Em contrapartida, Taiwan posiciona-se como ator a ser reconhecido em um mundo crescentemente globalizado, onde – parece acreditar – o Estado tradicional teria sua importância reduzida. Ao mesmo tempo em que aparece lutando – com seus cada vez mais reduzidos recursos financeiros – para manter e expandir seus vínculos diplomáticos, Taipé busca também integrar organizações internacionais, como a das Nações Unidas e Mundial de Saúde. Os formosinos acreditariam que a ausência de relações oficiais com o exterior não seria fator impeditivo para sua participação de ordem internacional política e econômica.

 O debate entre não interferência versus autodeterminação tem implicações para o Brasil, na medida em que estão sendo incluídos na agenda de preocupações de países onde existem interesses para nossa ação diplomática, como na África. Por um lado, Taiwan utiliza sua diplomacia financeira, em troca do reconhecimento de seu direito a um Governo independente em Taipé. Junto com o aporte de capital são transferidos, também, conjunto de valores que fortalecem as tendências do processo atual de globalização, no sentido de que o mundo estaria prestes a padronizar-se em função das mesmas formas de produção e de governança. Vínculos econômicos seriam, assim, suficientes para justificar a existência de um estado independente na ilha de Formosa.

 Por outro, a RPC divulga, junto aos africanos em disputa pelo relacionamento com Taiwan, que a introdução imediata na África “de sistema de governança e formas de produção nos moldes ocidentais conduziria a maior desequilíbrio econômico nos países em desenvolvimento”. Os chineses, assim, produzem discurso que contradiz frontalmente a visão prospectiva dos formosinos. Nesse caso, contribuem para uma postura política que leve em conta o fortalecimento da soberania nacional como elemento importante para um novo ordenamento mundial.

 A colocação do problema da reintegração de Taiwan, entre países africanos, afeta, portanto, a interlocução brasileira com o continente. A maioria das capitais do continente alia-se com Pequim, com quem desejamos manter relacionamento estratégico de longo prazo. Sustentam, assim, os princípios de “soberania” e “não interferência”, que poderão contribuir para a estabilidade do ordenamento mundial.

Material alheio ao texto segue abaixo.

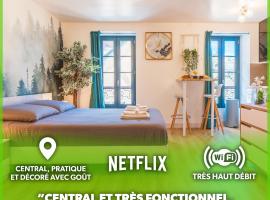 صور الفندق: Le CosyGreen - Central/Netflix/Wifi Fibre - Séjour Lozère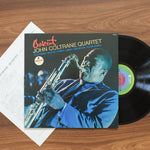 John Coltrane Quartet - Crescent Japan Vinyl
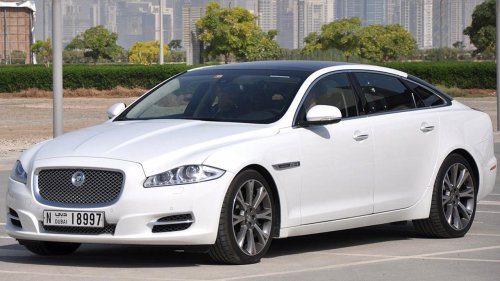 10 luxury rides that now cost less than you might think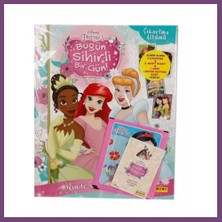 Bezos Prenses Çıkartma Albümü Gambera1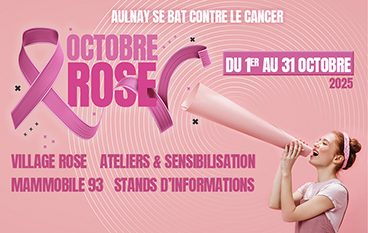 Octobre rose 2025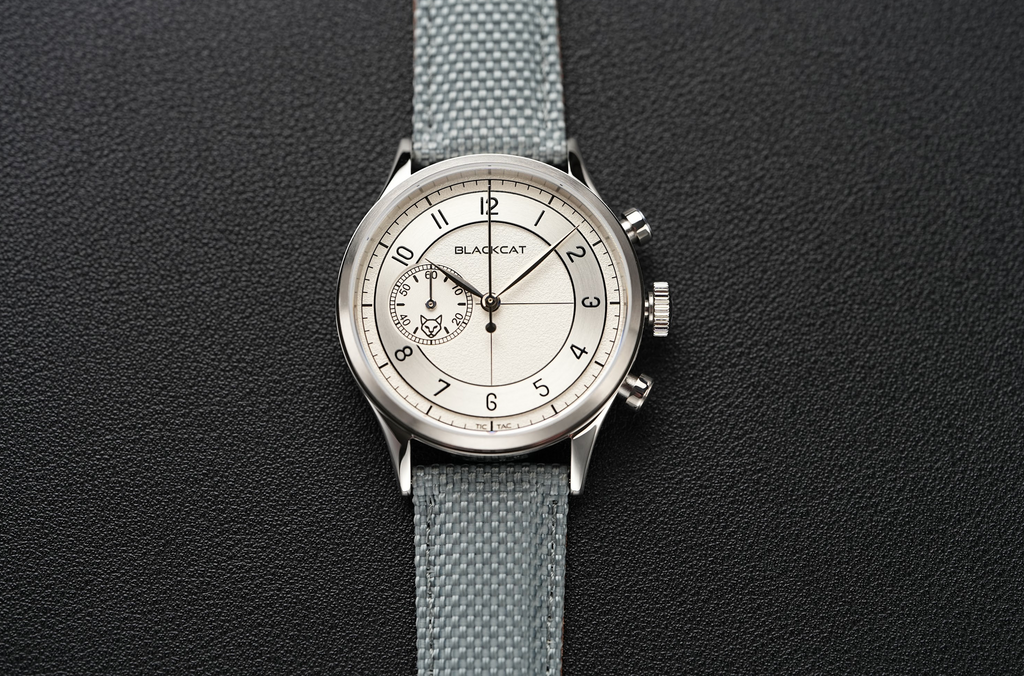 BlackCat Shaka Silver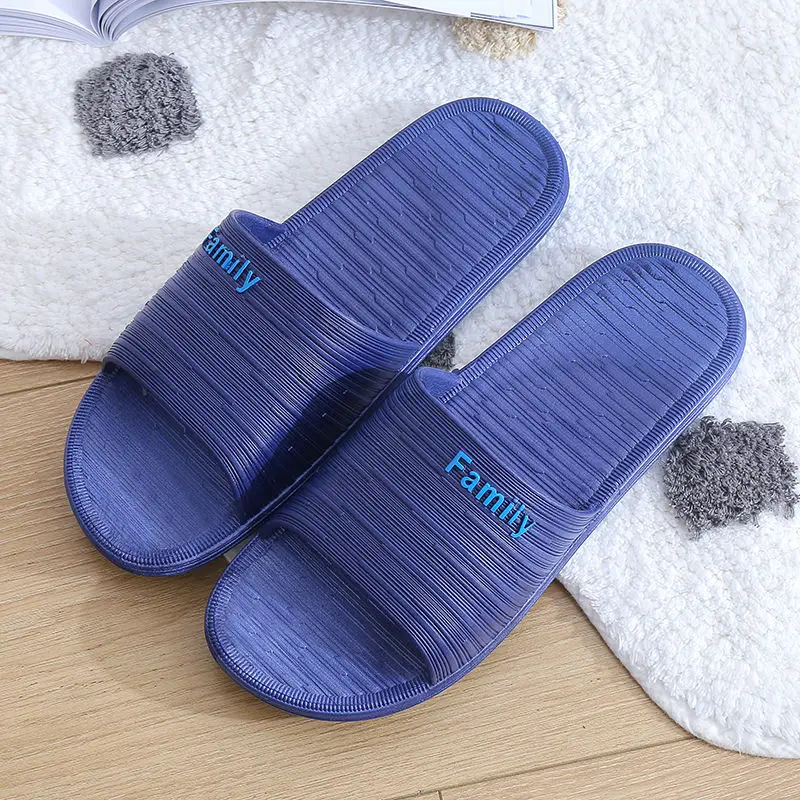 Модные Классические мужские слиперы 2020 г. весенне-осенние домашние банные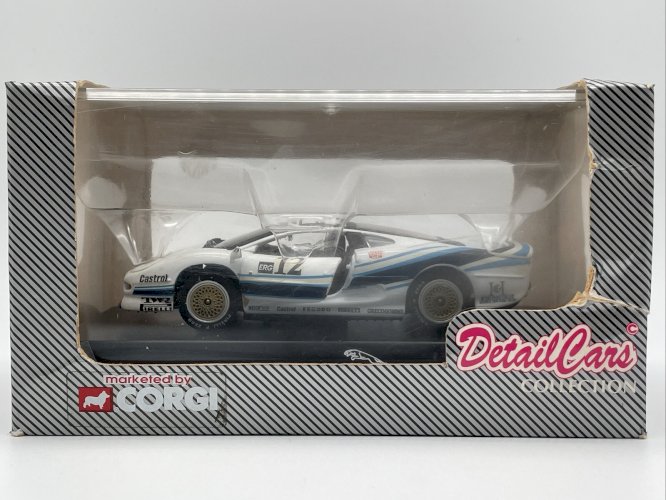 Jaguar XJ220 1/43 DetailCars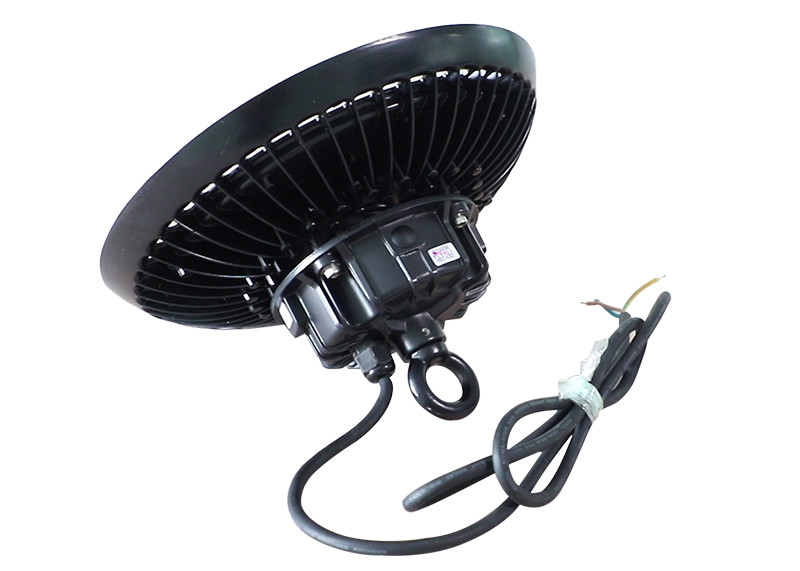 Intelligent LED high bay UFO with smart dimming sensor wireless control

 Finalizando com o tema futebol, cada país deste continente atribui a seu time a identidade de um animal. Assim, o Burkina Faso denomina sua equipe “Les Étalons”, que, no Rio Grande do Sul, onde trabalho no momento, se traduziria por “cavalos selvagens”. No Nordeste brasileiro, onde nasci, talvez fossem chamados de “jumentos arretados”. No Rio de Janeiro, onde me criei, haveria a possibilidade de Homens Justos, Bons de Bola e Cavalos Selvagens acabarem virando enredo de escola de samba, isso tudo regado com a tal feijoada de Ogum, durante os ensaios. Há, portanto, no Brasil, diferentes maneiras de entender a África.

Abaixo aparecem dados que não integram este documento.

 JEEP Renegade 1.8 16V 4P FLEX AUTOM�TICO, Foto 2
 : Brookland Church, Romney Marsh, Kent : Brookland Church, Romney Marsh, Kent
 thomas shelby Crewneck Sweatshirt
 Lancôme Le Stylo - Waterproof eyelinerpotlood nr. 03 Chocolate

Paulo Antônio Pereira Pinto é Diplomata. Em Missão Transitória na Embaixada em Uagadugu, Burkina Faso. Chefe do Escritório de Representação do MRE no Rio Grande do Sul (ERESUL). Foi  Embaixador do Brasil em Baku, Azerbaijão, entre 2009 e 2012, e Cônsul-Geral em Mumbai, entre 2006 e 2009. Serviu a partir  de 1982, durante vinte anos, na Ásia Oriental, sucessivamente, em Pequim, Kuala Lumpur, Cingapura, Manila e Taipé. Na década de 1970 trabalhou, na África,  nas Embaixadas em Libreville, Gabão, e Maputo, Moçambique e foi Encarregado de Negócios em Pretória, África do Sul.  As opiniões expressas são de sua inteira responsabilidade e não refletem pontos de vista do Ministério das Relações Exteriores.


[1] Maquet, Jacques. “Les Civilisations Noires”. 1981. Horizons de France. Paris

[2] Braga, Júlio. Ancestralidade Afro-Brasileira. O culto de babá egum. Editora da Universidade Federal da Bahia. 1995.